Smith’s pioneering stratigraphy, started in Somerset in 1791 amid excavations for coal and canals, began his collection of high quality fossils. He continued collecting as employers took him all over England, Wales, and a part of Scotland until July 1815, when the rescue of his traumatic financial situation had to start with its enforced sale to the British Museum [BM]. His friend John Farey, in August 1819, wrote that those specimens which had been described in Smith’s published books,“had been almost entirely collected” in the previous century. His not yet 15 year old apprentice nephew, John Phillips (1800-1874), gave help with the first, Strata Identified, 1816-1819, (but only 4 of 7 parts), and greater help with the second, Stratigraphical System, 1817 (only part 1 of 2 published). Phillips stated that the sum paid to Smith for the collection, and its careful curation by him and his uncle, was £700, for 693 species and 2657 specimens.
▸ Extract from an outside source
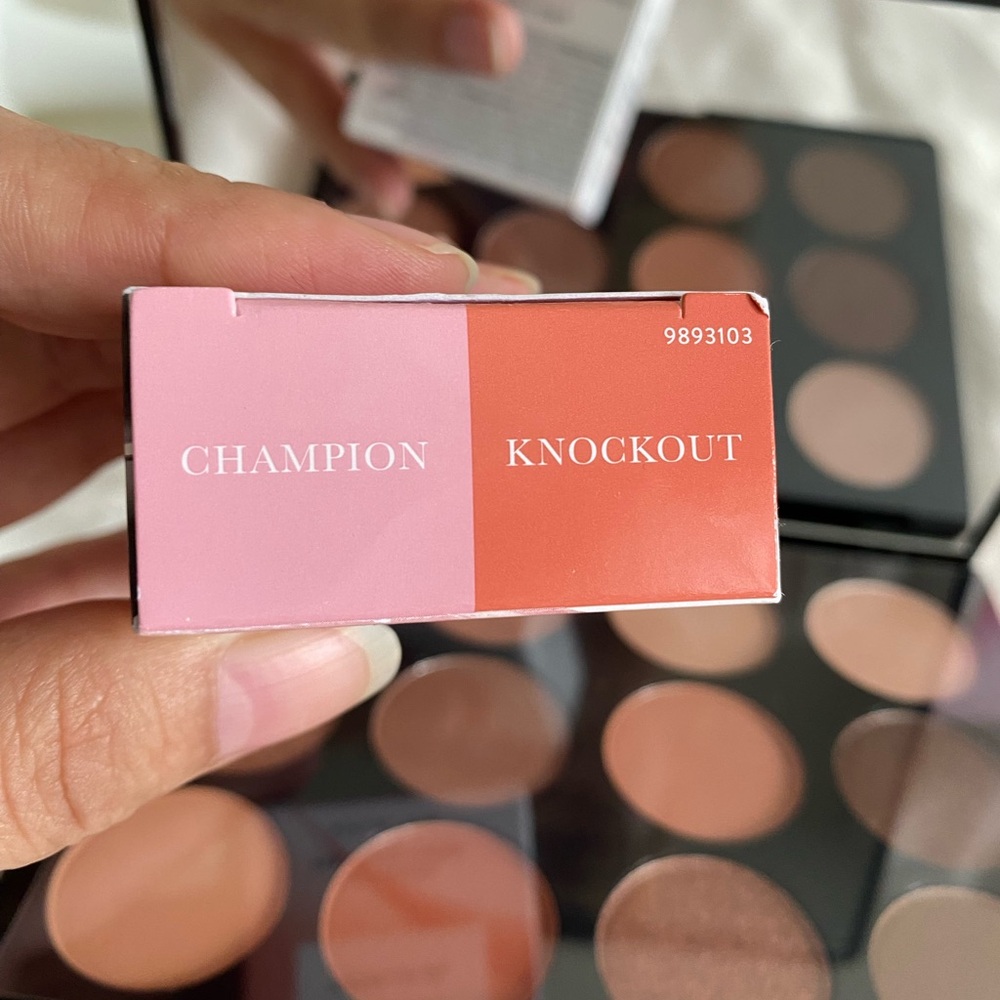 Laura Geller Eyeshadow Palette and MINI TINTED LIP OIL COLORS CHAMPION,KNOCKOUT - Picture 7 of 12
Smith clearly hoped for a larger sum than he received. A letter of September 1815 shows that he already expected this amount just as ‘an advance’. A first problem was that English expertise then had no idea how such a unique collection was to be valued. Minerals were objects of beauty, and £13,727 had been found, shortly before, for the BM’s purchase of the Greville collection, of 14,800 specimens. Fossils were different; and their value in prospecting for other minerals, not yet established. It did not help that his collection had gone to an institution which was essentially taxonomic in focus, or that its BM curator was an unsympathetic German, who saw no value in such novel stratigraphy. Smith in 1838 noted “how his collection lay in obscurity”, while Phillips was unable to discover its state in 1844. It was only accessioned by the BM in 1885, after all natural history had moved to South Kensington.

Smith’s collection has been the subject of fine papers, on its taxonomy by L. R. Cox (1930), and on the machinations of its sale by Joan Eyles (1967). When Cox came to examine it, it comprised ”about 2000 (including 275 rock specimens) out of the original 2657". This contribution will discuss a) its novel curatorial system, which ensured high ‘data security’, b) its present state, and c) the lessons it should teach us.